Joint detection and tracking of unresolved targets with a monopulse radar using a particle filter

Abstract

Detection and estimation of multiple unresolved targets with a monopulse radar is a challenging problem. For ideal single bin processing, it was shown in the literature that at most two unresolved targets can be extracted from the complex matched filter output signal. In this paper, a new algorithm is developed to jointly detect and track more than two targets from a single detected bin. This method involves the use of tracking data in detection. For this purpose, target states are transformed into detection parameter space, which involves high nonlinearity.

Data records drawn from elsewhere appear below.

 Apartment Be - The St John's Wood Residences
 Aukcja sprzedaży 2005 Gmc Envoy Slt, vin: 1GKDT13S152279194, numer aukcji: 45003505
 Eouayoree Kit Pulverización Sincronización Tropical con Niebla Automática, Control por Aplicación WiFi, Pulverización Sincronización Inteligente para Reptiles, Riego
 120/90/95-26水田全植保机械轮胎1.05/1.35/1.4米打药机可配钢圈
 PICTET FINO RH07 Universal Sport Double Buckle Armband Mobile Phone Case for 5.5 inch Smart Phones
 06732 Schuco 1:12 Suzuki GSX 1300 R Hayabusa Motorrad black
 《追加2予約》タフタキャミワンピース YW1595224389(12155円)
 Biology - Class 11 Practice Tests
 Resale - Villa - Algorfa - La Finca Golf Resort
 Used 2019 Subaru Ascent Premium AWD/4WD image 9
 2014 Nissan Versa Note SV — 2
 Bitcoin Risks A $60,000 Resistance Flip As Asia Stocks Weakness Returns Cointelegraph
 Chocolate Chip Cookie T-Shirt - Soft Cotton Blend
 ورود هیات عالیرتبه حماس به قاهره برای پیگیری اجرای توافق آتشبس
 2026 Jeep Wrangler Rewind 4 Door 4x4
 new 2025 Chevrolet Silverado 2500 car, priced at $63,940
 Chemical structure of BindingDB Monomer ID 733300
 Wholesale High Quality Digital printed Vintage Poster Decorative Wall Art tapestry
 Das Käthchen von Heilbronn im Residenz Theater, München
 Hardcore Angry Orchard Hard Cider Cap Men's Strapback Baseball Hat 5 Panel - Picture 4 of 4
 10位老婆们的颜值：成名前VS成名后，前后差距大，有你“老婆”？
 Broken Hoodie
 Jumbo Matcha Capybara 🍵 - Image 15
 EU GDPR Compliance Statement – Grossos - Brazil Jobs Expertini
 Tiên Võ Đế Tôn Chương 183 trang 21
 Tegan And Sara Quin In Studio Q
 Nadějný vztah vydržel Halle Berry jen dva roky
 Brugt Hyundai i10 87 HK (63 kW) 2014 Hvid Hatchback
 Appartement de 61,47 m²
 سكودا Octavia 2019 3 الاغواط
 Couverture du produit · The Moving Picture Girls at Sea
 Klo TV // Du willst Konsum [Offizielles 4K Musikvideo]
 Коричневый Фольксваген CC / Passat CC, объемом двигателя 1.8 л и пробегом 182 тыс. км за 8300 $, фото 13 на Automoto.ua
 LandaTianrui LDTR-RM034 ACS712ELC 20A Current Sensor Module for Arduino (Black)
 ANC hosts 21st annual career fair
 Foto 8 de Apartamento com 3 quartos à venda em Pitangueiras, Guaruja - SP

In order to handle this, the sequential Monte Carlo (SMC) method, which is proved to be effective for nonlinear non-Gaussian estimation problems, is used as the basis of the closed loop system for tracking multiple unresolved targets. In addition to the standard SMC steps, the detection parameters corresponding to the predicted particles are evaluated using the nonlinear monopulse radar beam model. It in turn enables the evaluation of the likelihood of the monopulse signal given tracking data. That is, we evaluate the likelihoods of different hypotheses of possible combinations of targets being in different detected bins. The hypothesis testing is used to find the correct detection event. The particles are updated and resampled according to the hypothesis that has the highest likelihood (score). A simulated amplitude comparison monopulse radar is used to generate the data with more than unresolved two targets. Simulation results confirm the possible extraction and tracking of more than two targets jointly.